__Directions__.
What you return should match the data word for word, minus the images.

__The data__.
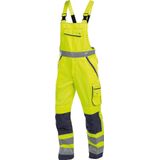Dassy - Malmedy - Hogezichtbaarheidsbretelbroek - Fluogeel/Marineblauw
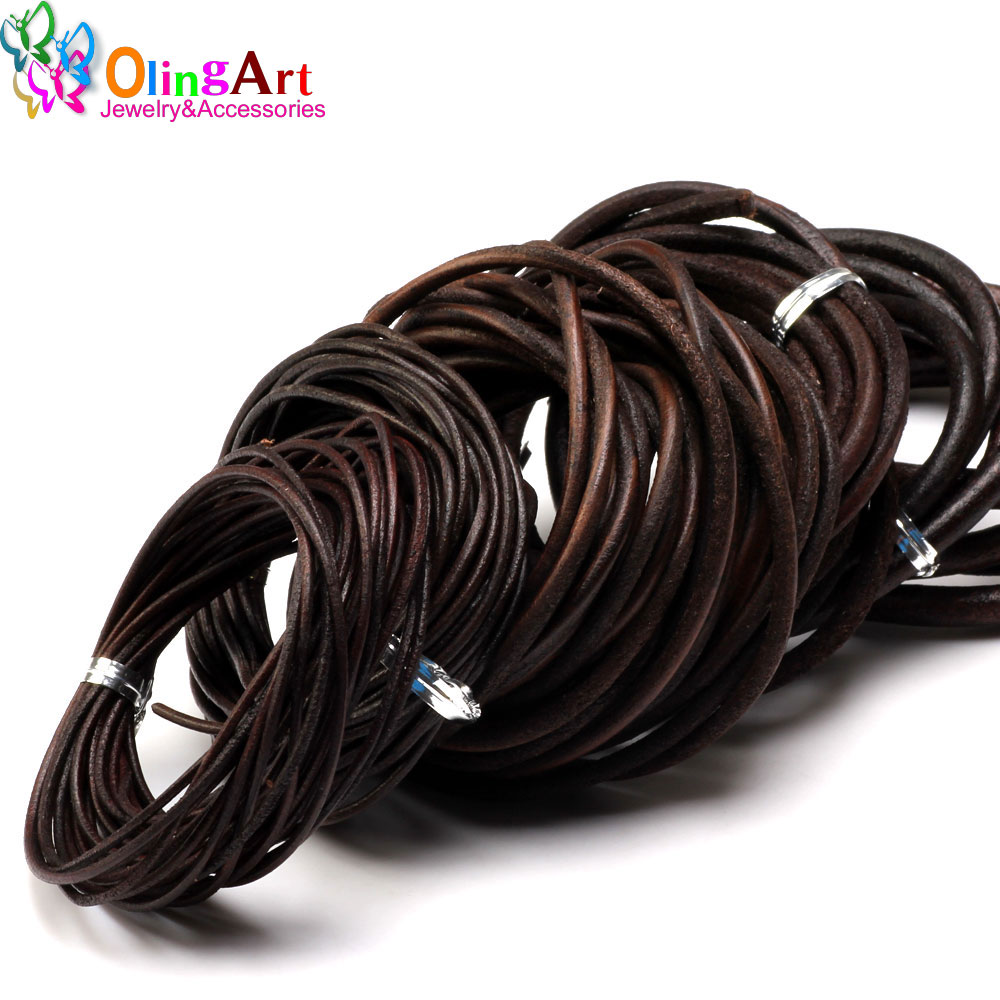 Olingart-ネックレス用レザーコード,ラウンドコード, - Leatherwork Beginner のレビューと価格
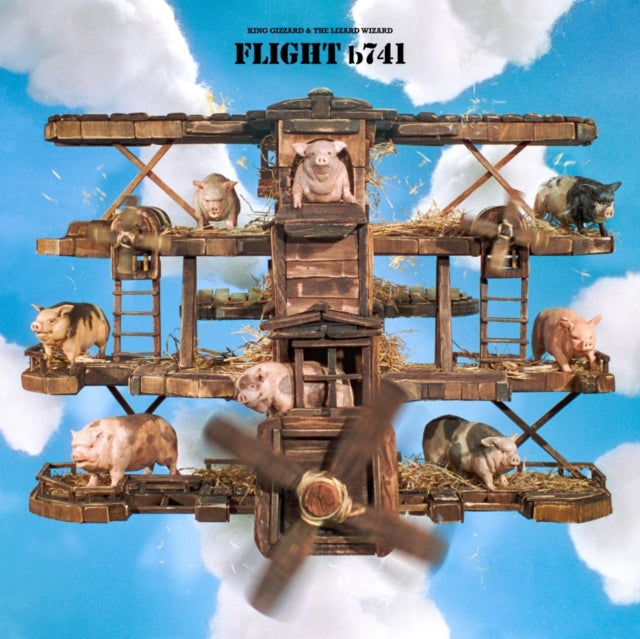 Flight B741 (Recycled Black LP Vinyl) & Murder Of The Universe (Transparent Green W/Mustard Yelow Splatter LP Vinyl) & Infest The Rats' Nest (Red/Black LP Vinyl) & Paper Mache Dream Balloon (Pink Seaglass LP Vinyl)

__Response to this task__.
Dassy - Malmedy - Hogezichtbaarheidsbretelbroek - Fluogeel/Marineblauw
 Olingart-ネックレス用レザーコード,ラウンドコード, - Leatherwork Beginner のレビューと価格
 Flight B741 (Recycled Black LP Vinyl) & Murder Of The Universe (Transparent Green W/Mustard Yelow Splatter LP Vinyl) & Infest The Rats' Nest (Red/Black LP Vinyl) & Paper Mache Dream Balloon (Pink Seaglass LP Vinyl)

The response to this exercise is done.